INSTRUCTIONS TO FOLLOW: Beginning with the line that holds "83822 БМП Swidish CV9030 IFV Hobby Boss" and ending with the last line, please repeat the entries exactly and omit the pictures.

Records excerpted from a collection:
========================================

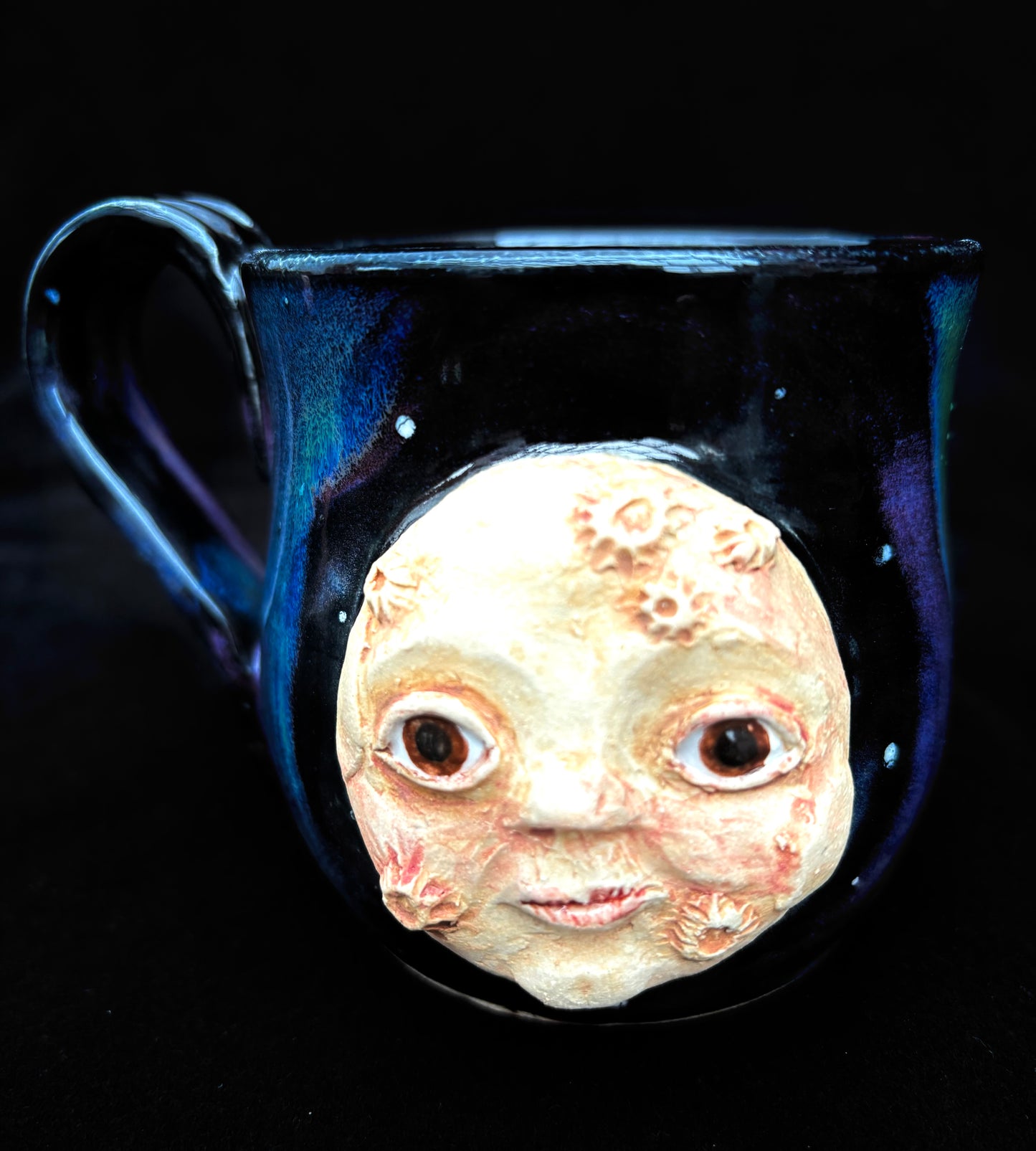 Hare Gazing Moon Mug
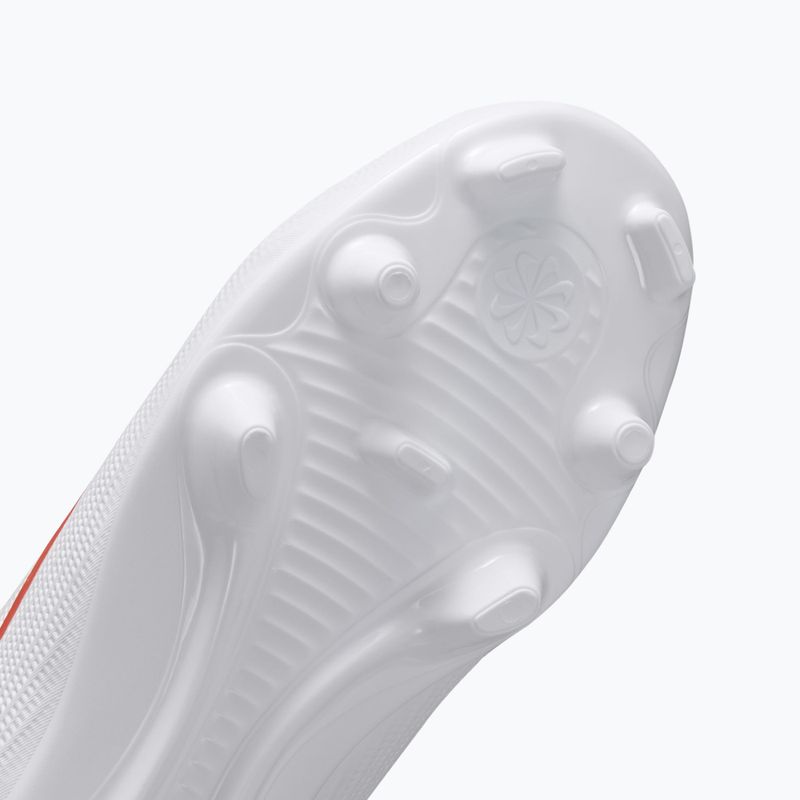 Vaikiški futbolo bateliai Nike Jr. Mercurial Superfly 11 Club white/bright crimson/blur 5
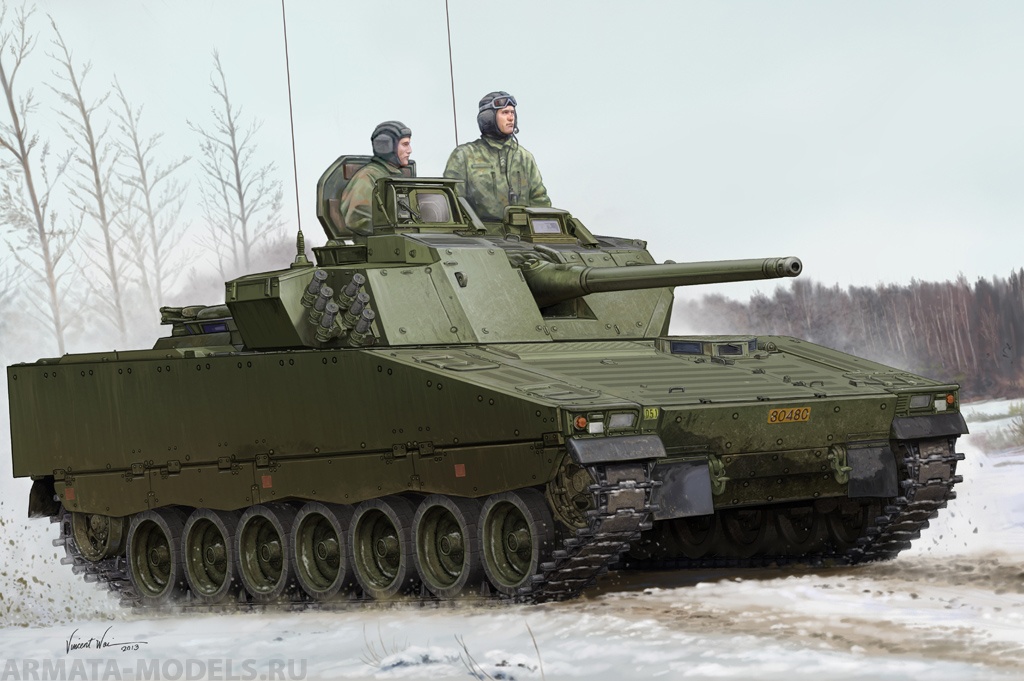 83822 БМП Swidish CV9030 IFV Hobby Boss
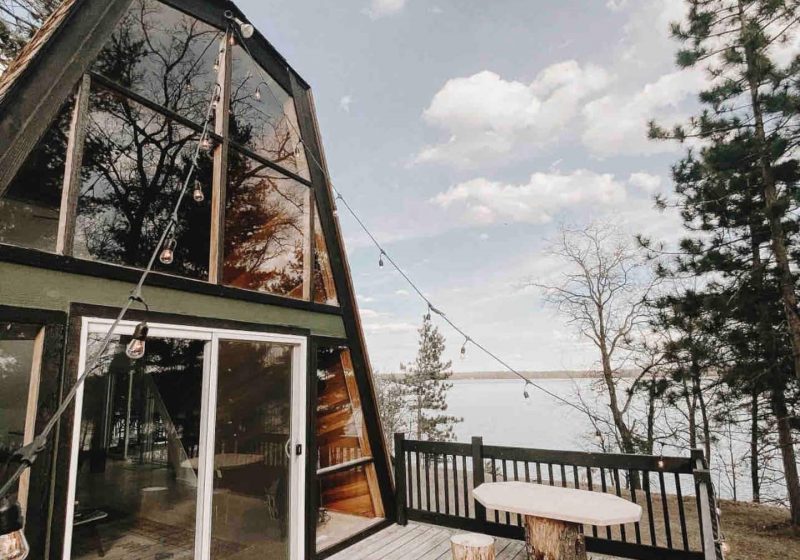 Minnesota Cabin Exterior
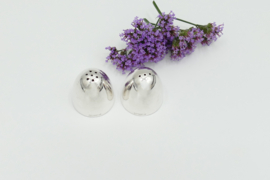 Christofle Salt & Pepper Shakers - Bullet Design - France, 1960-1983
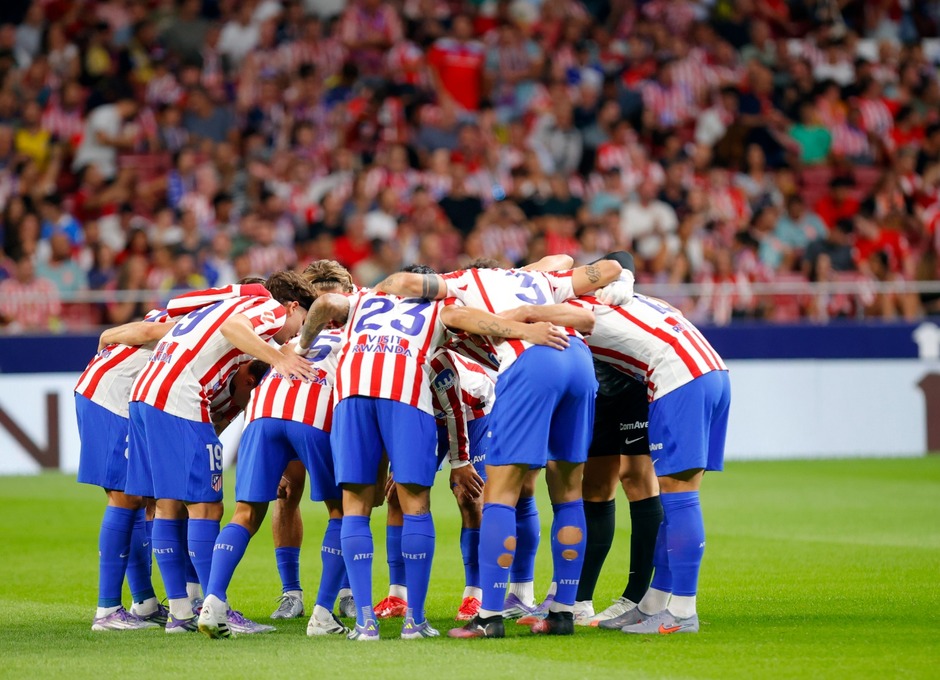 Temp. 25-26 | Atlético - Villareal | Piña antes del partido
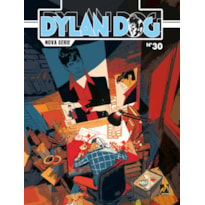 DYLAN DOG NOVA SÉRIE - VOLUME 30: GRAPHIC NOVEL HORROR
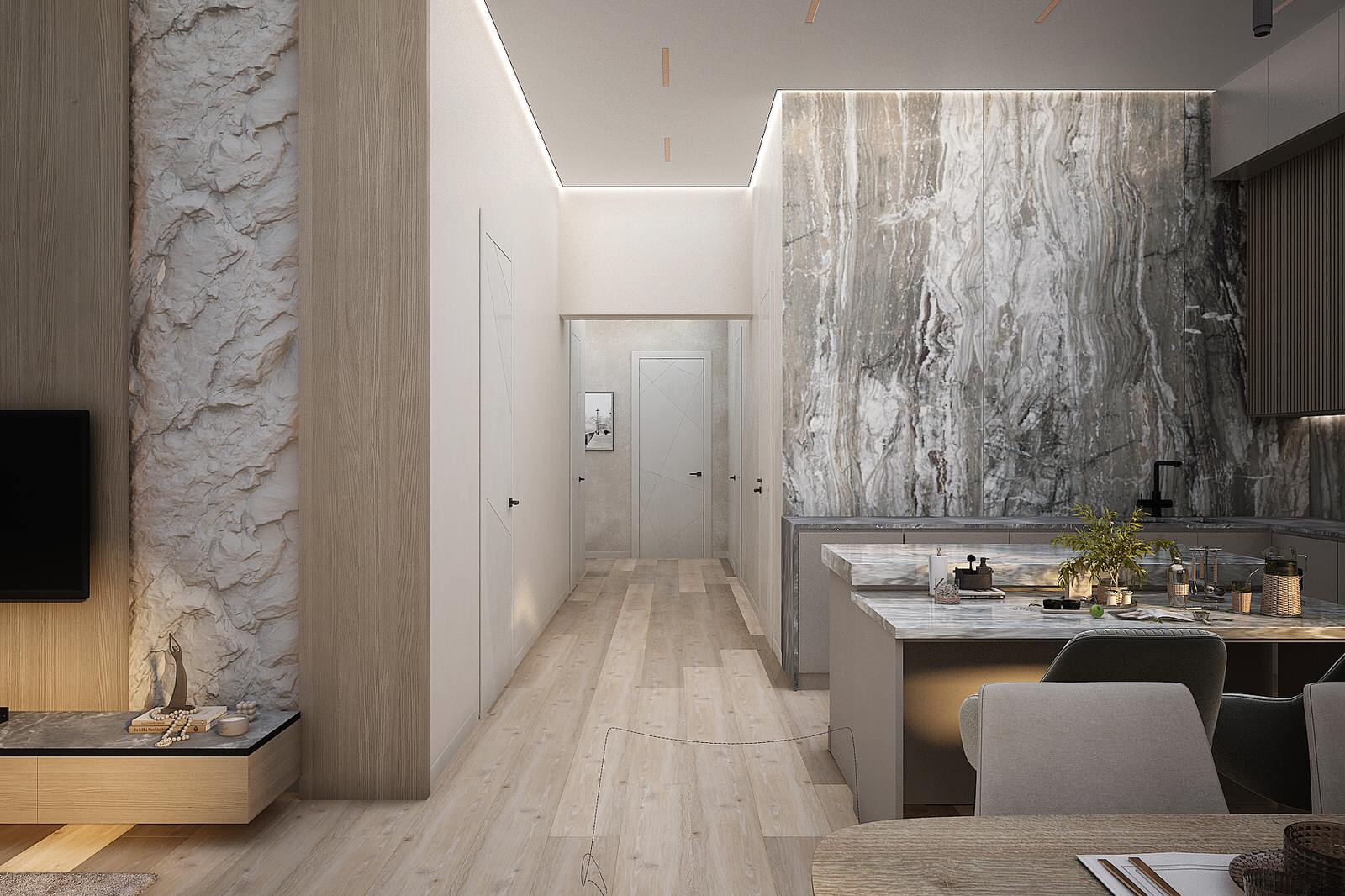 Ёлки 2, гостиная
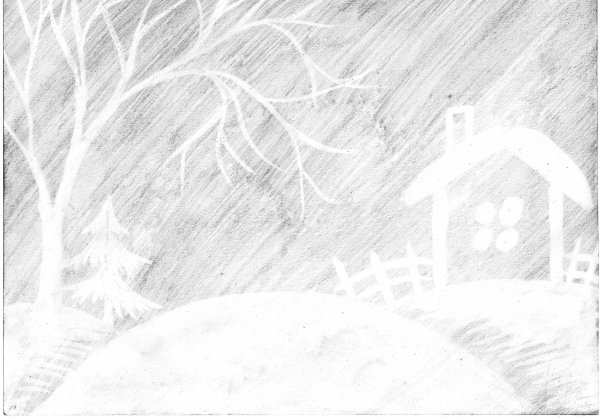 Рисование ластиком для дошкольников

========================================

COMPLETED TASK:
 83822 БМП Swidish CV9030 IFV Hobby Boss
 Minnesota Cabin Exterior
 Christofle Salt & Pepper Shakers - Bullet Design - France, 1960-1983
 Temp. 25-26 | Atlético - Villareal | Piña antes del partido
 DYLAN DOG NOVA SÉRIE - VOLUME 30: GRAPHIC NOVEL HORROR
 Ёлки 2, гостиная
 Рисование ластиком для дошкольников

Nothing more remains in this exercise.